[Records from a data collection]
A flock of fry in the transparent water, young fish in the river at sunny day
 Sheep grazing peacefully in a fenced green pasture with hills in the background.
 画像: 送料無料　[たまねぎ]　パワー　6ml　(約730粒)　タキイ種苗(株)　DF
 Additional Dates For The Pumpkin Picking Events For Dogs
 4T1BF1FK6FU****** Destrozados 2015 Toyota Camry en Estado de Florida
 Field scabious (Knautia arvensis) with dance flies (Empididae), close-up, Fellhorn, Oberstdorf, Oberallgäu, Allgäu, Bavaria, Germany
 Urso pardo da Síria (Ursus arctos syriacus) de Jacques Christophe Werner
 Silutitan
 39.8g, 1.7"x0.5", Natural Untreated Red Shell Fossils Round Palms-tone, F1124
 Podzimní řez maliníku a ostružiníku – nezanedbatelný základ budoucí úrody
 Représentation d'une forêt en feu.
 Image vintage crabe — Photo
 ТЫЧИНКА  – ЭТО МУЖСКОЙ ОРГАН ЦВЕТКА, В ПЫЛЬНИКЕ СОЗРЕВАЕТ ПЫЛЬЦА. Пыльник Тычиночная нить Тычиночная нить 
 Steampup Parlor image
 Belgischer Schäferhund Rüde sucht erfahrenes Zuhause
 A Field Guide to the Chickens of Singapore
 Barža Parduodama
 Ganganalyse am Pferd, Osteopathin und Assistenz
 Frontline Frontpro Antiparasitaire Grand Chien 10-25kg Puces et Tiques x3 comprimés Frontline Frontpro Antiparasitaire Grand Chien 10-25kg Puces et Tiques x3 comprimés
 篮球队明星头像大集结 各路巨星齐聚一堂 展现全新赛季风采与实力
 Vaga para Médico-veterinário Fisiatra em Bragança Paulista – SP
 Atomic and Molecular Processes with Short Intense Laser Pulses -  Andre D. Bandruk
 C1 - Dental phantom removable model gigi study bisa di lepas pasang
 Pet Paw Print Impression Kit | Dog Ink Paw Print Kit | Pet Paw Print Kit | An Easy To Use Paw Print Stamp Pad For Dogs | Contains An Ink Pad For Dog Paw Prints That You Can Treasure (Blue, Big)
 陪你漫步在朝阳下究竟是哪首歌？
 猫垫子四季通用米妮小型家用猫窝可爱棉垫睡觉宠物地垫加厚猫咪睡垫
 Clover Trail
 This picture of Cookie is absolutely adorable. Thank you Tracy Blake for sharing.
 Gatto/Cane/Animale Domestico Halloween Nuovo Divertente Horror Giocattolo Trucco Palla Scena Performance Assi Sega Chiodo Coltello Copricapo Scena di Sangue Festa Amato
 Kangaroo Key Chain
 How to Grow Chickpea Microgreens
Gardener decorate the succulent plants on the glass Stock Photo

Activity: From the line with "猫垫子四季通用米妮小型家用猫窝可爱棉垫睡觉宠物地垫加厚猫咪睡垫" through the final line of the records, return each line exactly. Leave out the rest.

Exercise output:
 猫垫子四季通用米妮小型家用猫窝可爱棉垫睡觉宠物地垫加厚猫咪睡垫
 Clover Trail
 This picture of Cookie is absolutely adorable. Thank you Tracy Blake for sharing.
 Gatto/Cane/Animale Domestico Halloween Nuovo Divertente Horror Giocattolo Trucco Palla Scena Performance Assi Sega Chiodo Coltello Copricapo Scena di Sangue Festa Amato
 Kangaroo Key Chain
 How to Grow Chickpea Microgreens
Gardener decorate the succulent plants on the glass Stock Photo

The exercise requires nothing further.